* Work instruction *
An exact, complete copy of the entries is needed, with the pictures left out.

[Caption-style text data]

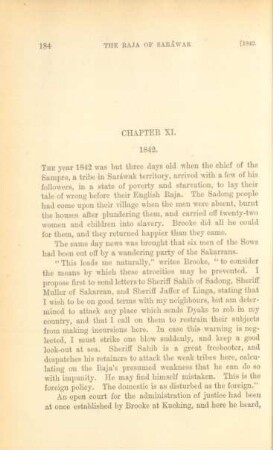 Chapter XI. 1842
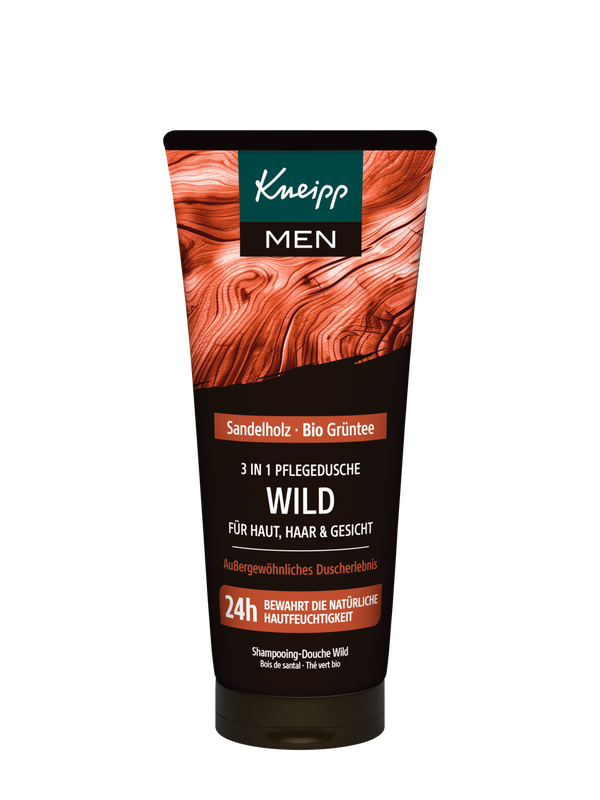 3 in 1 Pflegedusche Wild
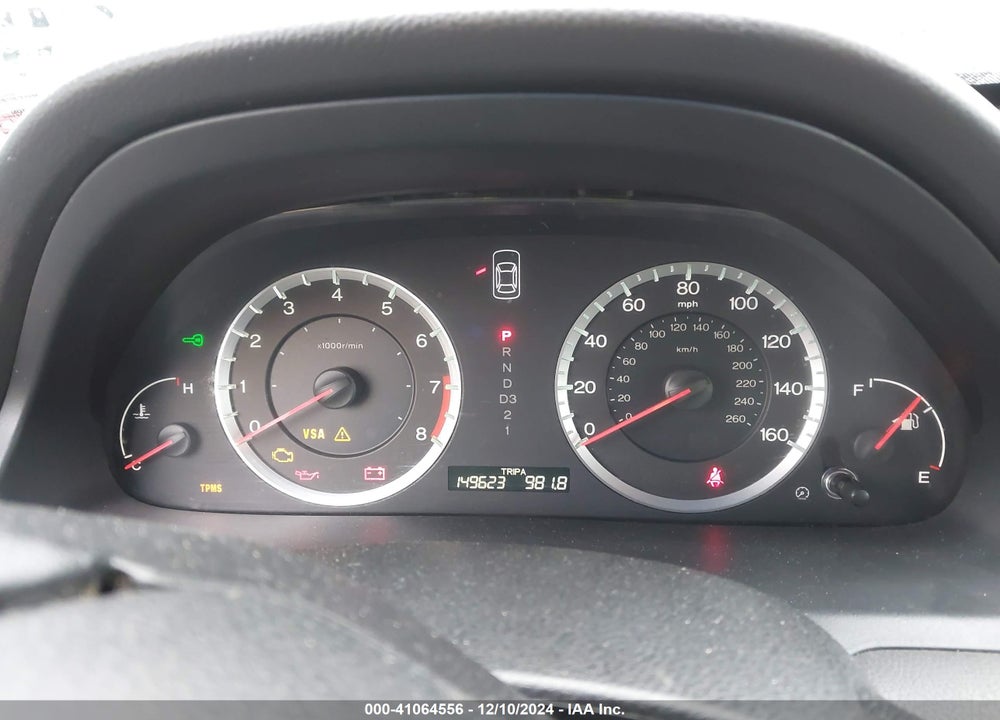 2009 HONDA ACCORD 3.5 EX-L VIN: 1HGCP36839A027936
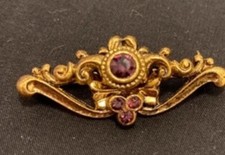 broche ancienne art nouveau
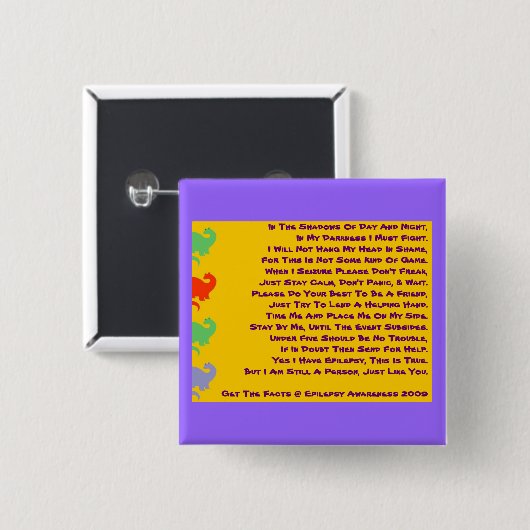 私は人ですも! 缶バッジ (正面&裏面)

* Response area *
 Chapter XI. 1842
 3 in 1 Pflegedusche Wild
 2009 HONDA ACCORD 3.5 EX-L VIN: 1HGCP36839A027936
 broche ancienne art nouveau
 私は人ですも! 缶バッジ (正面&裏面)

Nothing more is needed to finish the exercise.